In this paper, the feasibility of single-wavelength laser relaxation spectroscopy was verified, and the comparison of multiple identification models was optimized to improve the detection efficiency of the system. A single wavelength light was used as the light source, and a laser controller was utilized to control the current level of the laser, which generated the relaxation procedure. The relaxation spectra of the measured samples were collected. The relaxation spectra were first pretreated using the Min-Max normalization algorithm and combined with different recognition models. The DELM and BP model were developed and optimized by the Sparrow search algorithm. For the BP neural network model, this paper uses the idea of neural network visualization to find the most suitable parameter values by observing the intrinsic relationships of the neural network. A classification model for apple damage detection with different algorithms was conducted to compare the efficiency and accuracy of the different algorithms.

Materials and methods

Experimental materials

Red Fuji apples in the same batch (125 g ±10 g in weight) with a diameter distribution in the 75–85 mm range were utilized in this research. The apples were fresh in bright color with intact skin. They were free from mechanical damage, moths, and decay.

Main instruments and equipment

The experimental equipment includes an MTO-LASER semiconductor laser transmitter (wavelength is 650 nm, and the power is 100 mW). S3000 spectrometer with a USB port, and the slit width is 50 μm). MTAD Fiber-optics probe (operating temperature is −150°C~130°C). A MicroStep MA1–106 constant current laser driver (programmatic or manual adjustment) is utilized. A relaxation spectrum acquisition system is used. In , the apple is placed on the detecting platform, and the laser intensity is varied by adjusting the current to the laser driver. Different intensities of laser light stimulate the relaxation performance of the apples’ inner chemical functional groups, generating an apple’s complete relaxation spectrum. The photosensitive fiber probe is used to collect the diffuse light spectrum, and the spectrum is processed by the spectrometer and collected by the computer.

Figure 1. Single wavelength laser relaxation spectroscopy detection system.

Figure 1. Single wavelength laser relaxation spectroscopy detection system.

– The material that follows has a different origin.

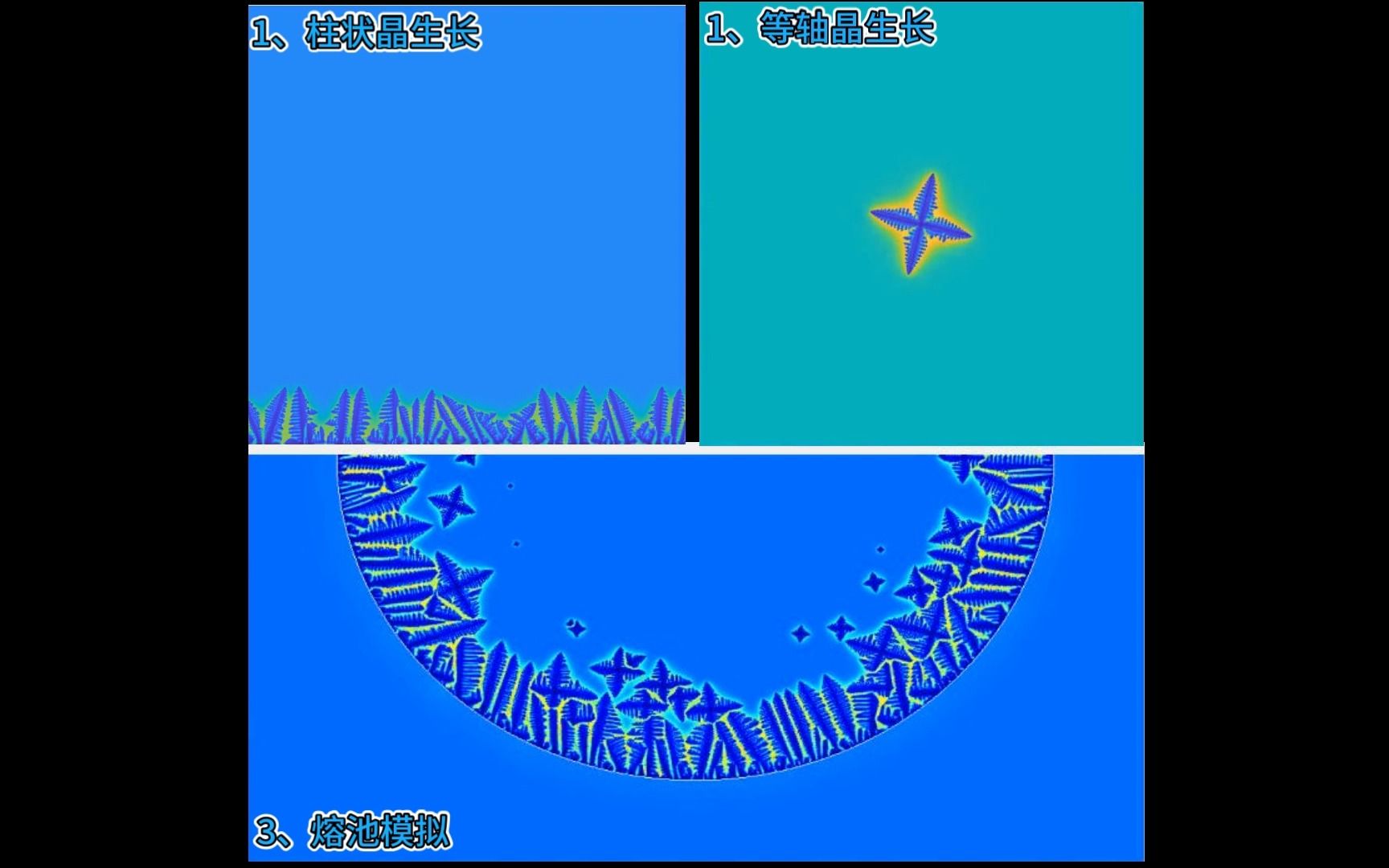 等轴晶、柱状晶及熔池模拟哔哩哔哩bilibili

Apple damage spectroscopy collection experiments

From physical aspects, the process from the original equilibrium state to the new equilibrium is called relaxation. Mechanistically, amorphous matter always relaxes to lower energy states when in nonequilibrium, so relaxation behavior is the key to understanding various physical phenomena in amorphous matter. The intensity of the laser is related to the current. The higher the input current is, the stronger the laser intensity. The intensity of the laser is controlled by controlling the current to simulate laser irradiation on the apple’s surface.

This experiment used a self-developed spectral detecting system as the experimental environment. Damaged or undamaged apples were set as a variable during the experiment. A 650 nm laser was always used to irradiate the surface of the apple, and the laser intensity was controlled by tuning the current level to collect the spectral data of the apple in different diffuse reflection states. The collected data were used as the source data for further data processing, classification model development, and testing. The experiment was carried out as follows ():

The skin of the apples was washed carefully with distilled water and cleaned with blotting paper. This operation was repeated twice to ensure that the apple surface was thoroughly cleaned of dust, paraffin, and other substances to reduce interference with the experiment. Then, a random circular area with a 1.2 cm radius was selected on the apple surface and marked. The apple was placed on the iron ring of the stand, ensuring that the selected area faced upward and that the center of the selected area was used as the sampling point. The light-sensitive fiber probe was set and faced the sampling point, ensuring that it fitted snugly and had no damage to apple skin. The laser current was first set to 0 A using the laser driver. Then, the laser driver was switched on and adjusted to the required current level, and the laser incidence position was manually adjusted. The spot could be chosen on the circumference of one 1.0 cm circle from the sampling point. Once the position was adjusted, a light shield was placed over the iron stand to create a dark environment and prevent interference with the experimental environment from external light sources.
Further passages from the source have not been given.